__DATA UNDER STUDY__.
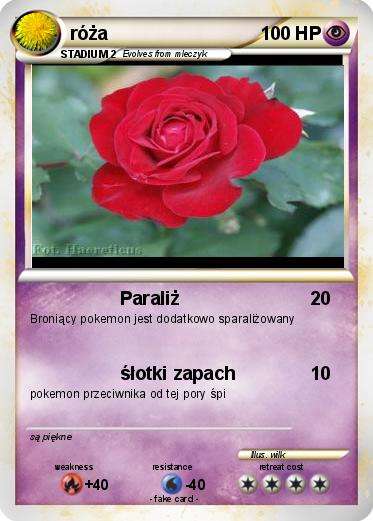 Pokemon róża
* * *
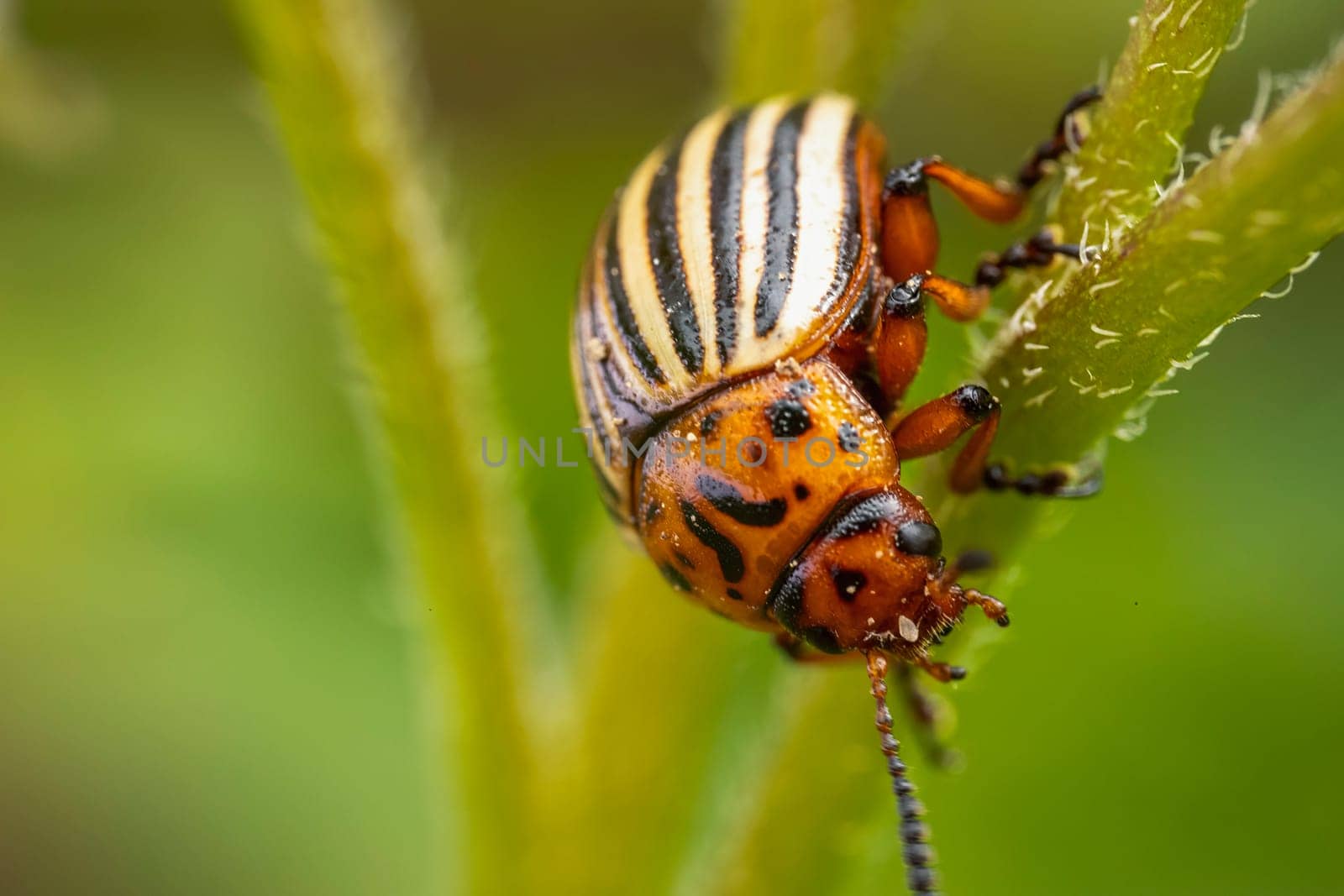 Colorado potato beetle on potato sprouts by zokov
==
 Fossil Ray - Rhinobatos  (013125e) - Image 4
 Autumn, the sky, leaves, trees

__DIRECTIONS__.
From the records above, extract exactly and only the lines that begin at the line with "Fossil Ray - Rhinobatos  (013125e) - Image 4" and stop after the line with "Autumn, the sky, leaves, trees".

__RESULT OF THIS TASK__.
 Fossil Ray - Rhinobatos  (013125e) - Image 4
 Autumn, the sky, leaves, trees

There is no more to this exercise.